■ EXERCISE BRIEF: Copy out every line holding the string "White" from the records below.

■ DATA FOR THIS TASK:

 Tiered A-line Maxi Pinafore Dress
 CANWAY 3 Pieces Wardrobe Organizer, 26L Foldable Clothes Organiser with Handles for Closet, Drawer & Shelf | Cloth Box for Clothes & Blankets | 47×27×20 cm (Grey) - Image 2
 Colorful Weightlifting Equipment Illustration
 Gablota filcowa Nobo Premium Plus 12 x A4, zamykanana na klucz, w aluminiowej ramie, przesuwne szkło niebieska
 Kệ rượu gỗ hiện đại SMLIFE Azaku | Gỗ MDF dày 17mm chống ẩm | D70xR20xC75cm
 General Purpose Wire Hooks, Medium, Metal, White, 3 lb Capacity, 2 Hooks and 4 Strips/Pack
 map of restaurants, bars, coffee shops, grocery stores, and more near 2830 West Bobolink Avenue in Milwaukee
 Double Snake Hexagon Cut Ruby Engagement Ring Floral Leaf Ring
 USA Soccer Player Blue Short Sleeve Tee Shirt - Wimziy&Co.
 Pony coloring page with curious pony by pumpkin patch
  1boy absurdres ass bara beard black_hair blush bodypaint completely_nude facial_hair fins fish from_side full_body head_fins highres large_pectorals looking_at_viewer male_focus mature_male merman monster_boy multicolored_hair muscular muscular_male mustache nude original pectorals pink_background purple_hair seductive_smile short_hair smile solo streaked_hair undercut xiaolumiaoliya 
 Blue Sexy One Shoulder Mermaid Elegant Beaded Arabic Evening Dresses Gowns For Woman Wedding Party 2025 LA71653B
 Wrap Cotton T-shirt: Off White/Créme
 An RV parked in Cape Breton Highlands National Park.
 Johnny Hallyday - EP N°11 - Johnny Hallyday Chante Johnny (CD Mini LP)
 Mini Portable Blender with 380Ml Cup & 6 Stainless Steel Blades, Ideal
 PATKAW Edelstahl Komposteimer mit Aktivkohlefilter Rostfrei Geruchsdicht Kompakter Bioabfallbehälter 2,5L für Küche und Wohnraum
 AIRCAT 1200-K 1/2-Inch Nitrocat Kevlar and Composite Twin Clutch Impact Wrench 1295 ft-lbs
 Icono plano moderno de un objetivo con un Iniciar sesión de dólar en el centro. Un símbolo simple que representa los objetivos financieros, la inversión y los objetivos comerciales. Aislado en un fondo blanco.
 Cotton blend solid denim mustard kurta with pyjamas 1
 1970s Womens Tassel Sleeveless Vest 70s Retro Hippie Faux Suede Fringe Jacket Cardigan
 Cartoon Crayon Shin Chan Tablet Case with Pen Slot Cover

■ EXERCISE RESPONSE:
 General Purpose Wire Hooks, Medium, Metal, White, 3 lb Capacity, 2 Hooks and 4 Strips/Pack
 Wrap Cotton T-shirt: Off White/Créme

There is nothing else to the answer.